◆ What to work on
Starting at the line that contains "map of Singapore", copy every line to the end of the material below exactly, and omit the pictures.

◆ Data provided
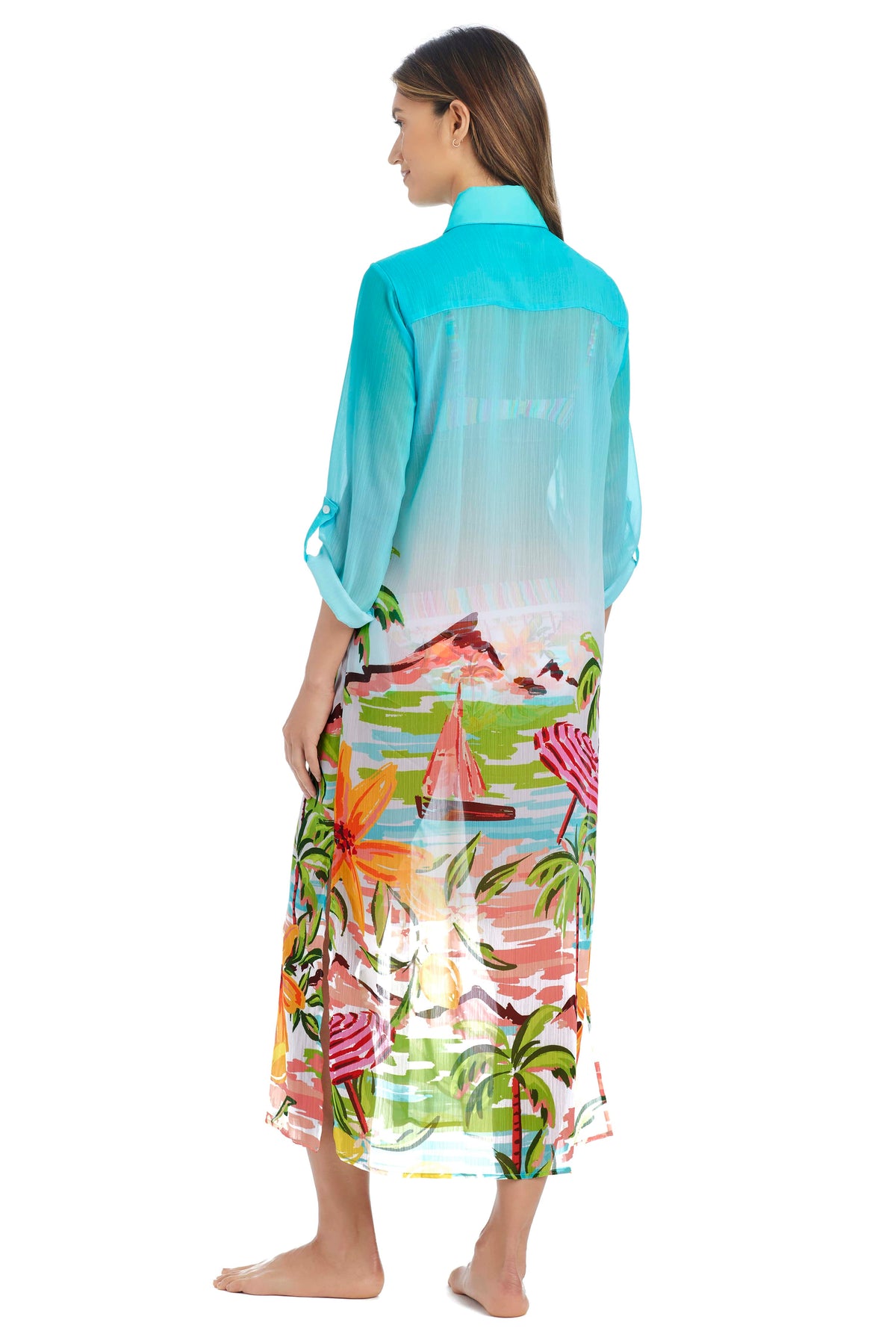 Bleu Rod Ciao, Capri! shirt cover-up in lightweight fabric, with relaxed fit and stylish design, perfect for beach or poolside wear.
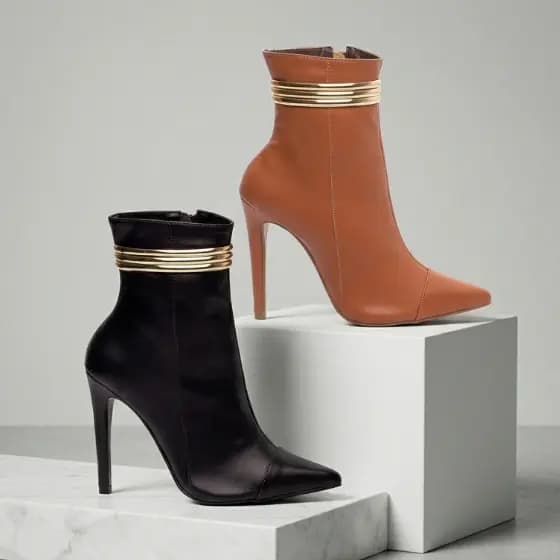 Bota Feminina Torricella Salto 12 cm Stiletto Agulha Alto Bico Fino Cano Médio Luxo Fashion Chique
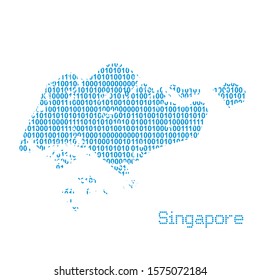 map of Singapore from binary code vector illustration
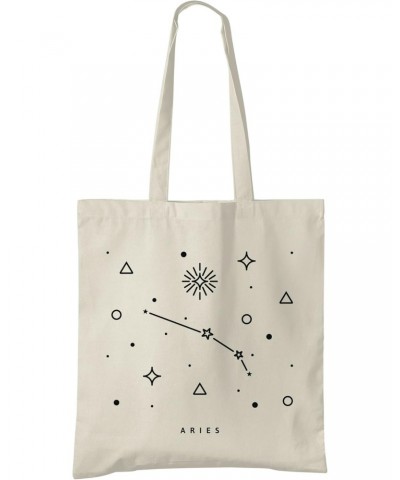 Aries Zodiac Astrology Constellation Natural Cotton Tote Bag $15.16 Totes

◆ Solution below
 map of Singapore from binary code vector illustration
 Aries Zodiac Astrology Constellation Natural Cotton Tote Bag $15.16 Totes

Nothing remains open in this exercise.